Andy Maloney 01:20, 21 April 2009 (EDT): So many things here. First some terminology.
  1. Osmolality has units of (osmoles / kg of solvent). I remember the difference between solute and solvent by the first letter in the words that are different, u and v respectively. Since u (letter 21) comes before v (letter 22) in the alphabet, the term solute talks about the smaller substance in a solution. So, salt water would have the solute as salt and the solvent as water.
  2. Osmolarity is a concentration. (osmoles / L of solution). I like to talk about the osmolarity of a substance because it is similar to the molarity (as opposed to the molality).
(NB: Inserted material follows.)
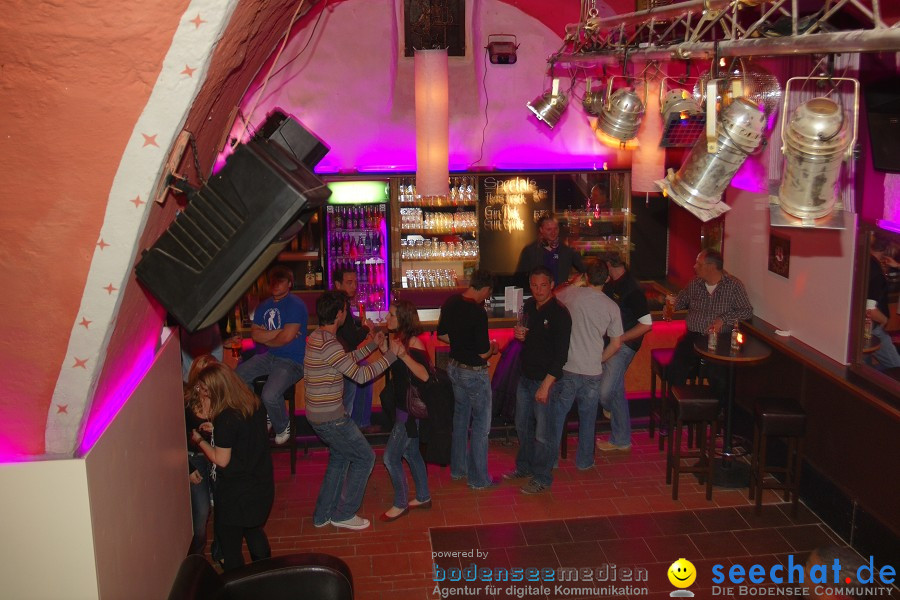 Party im Bacchus: Ravensburg, 09.04.2010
I think it's easier for a physicist to think about concentration as opposed to a number with inverse mass units.
  3. As for counting the species in solution to find the osmolarity, not only do you have to take into consideration the number of EDTA molecules that have calcium bound to them, but you also have to take into consideration the number of EDTA molecules that do have calcium bound to them.

[math]\displaystyle{ \mathrm{EDTA}_{\mathrm{free}}+\mathrm{Ca}_{\mathrm{free}}\leftrightharpoons \mathrm{CaEDTA} }[/math]

The [math]\displaystyle{ \leftrightharpoons }[/math] is there for a reason. EDTA binds calcium in a reversible manner. This means that there is a [math]\displaystyle{ K_d }[/math] for EDTA (an attraction for calcium). You can make pretty good guesses on the number of free versus bound calcium ions are in solution as well as the number of free and bound EDTA molecules. This is in fact how you calibrate solutions with known calcium concentrations in them. But, if you are wanting to calculate the osmolytes in solution, you need to know how to calculate bound versus free EDTA molecules because as you said, a free EDTA molecule will contribute more to the ionic strength of a solution.
  1. Now, as you said, you don't see differences until you get around 200 mOsm. Well, people put into solution around 1 mM EGTA/EDTA so I guess we won't have to worry about it.
  2. From what I can tell, microtubules will undergo a catastrophe when it comes in contact with calcium. The only source of calcium in every solution I've seen is from Casein. Unless people are using hard water.
I guess my issue is that no one has told me why I should use Casein when I know using it will release calcium ions into solution. To prevent the calcium from tearing apart my microtubules I have to use another chemical, EDTA/EGTA. I don't like taking a drug for a symptom of another drug. But, I'm happy to conform to legacy crap for the beginning experiments. I just hope someone reads this and can tell me more.
  • One final thing, making polydisperse micelles or liposomes is easy! If we want to coat a coverslip with them instead of magical Casein. Then we don't have calcium in the system and kinesin gets its desired amphiphiles in solution.